> **PROVIDED DATA**:
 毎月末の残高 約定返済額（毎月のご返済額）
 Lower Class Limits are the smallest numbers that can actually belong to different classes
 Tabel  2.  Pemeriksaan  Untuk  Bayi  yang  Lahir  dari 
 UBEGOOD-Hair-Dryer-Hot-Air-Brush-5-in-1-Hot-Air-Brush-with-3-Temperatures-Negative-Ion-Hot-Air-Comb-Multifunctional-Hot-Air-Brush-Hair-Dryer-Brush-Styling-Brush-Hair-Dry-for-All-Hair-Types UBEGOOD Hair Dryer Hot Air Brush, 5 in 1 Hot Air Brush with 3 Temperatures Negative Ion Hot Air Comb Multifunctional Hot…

> **PROBLEM TO WORK ON**: A faithful transcription of all the material is what this exercise calls for.

> **SOLUTION TO THE PROBLEM**:
 毎月末の残高 約定返済額（毎月のご返済額）
 Lower Class Limits are the smallest numbers that can actually belong to different classes
 Tabel  2.  Pemeriksaan  Untuk  Bayi  yang  Lahir  dari 
 UBEGOOD-Hair-Dryer-Hot-Air-Brush-5-in-1-Hot-Air-Brush-with-3-Temperatures-Negative-Ion-Hot-Air-Comb-Multifunctional-Hot-Air-Brush-Hair-Dryer-Brush-Styling-Brush-Hair-Dry-for-All-Hair-Types UBEGOOD Hair Dryer Hot Air Brush, 5 in 1 Hot Air Brush with 3 Temperatures Negative Ion Hot Air Comb Multifunctional Hot…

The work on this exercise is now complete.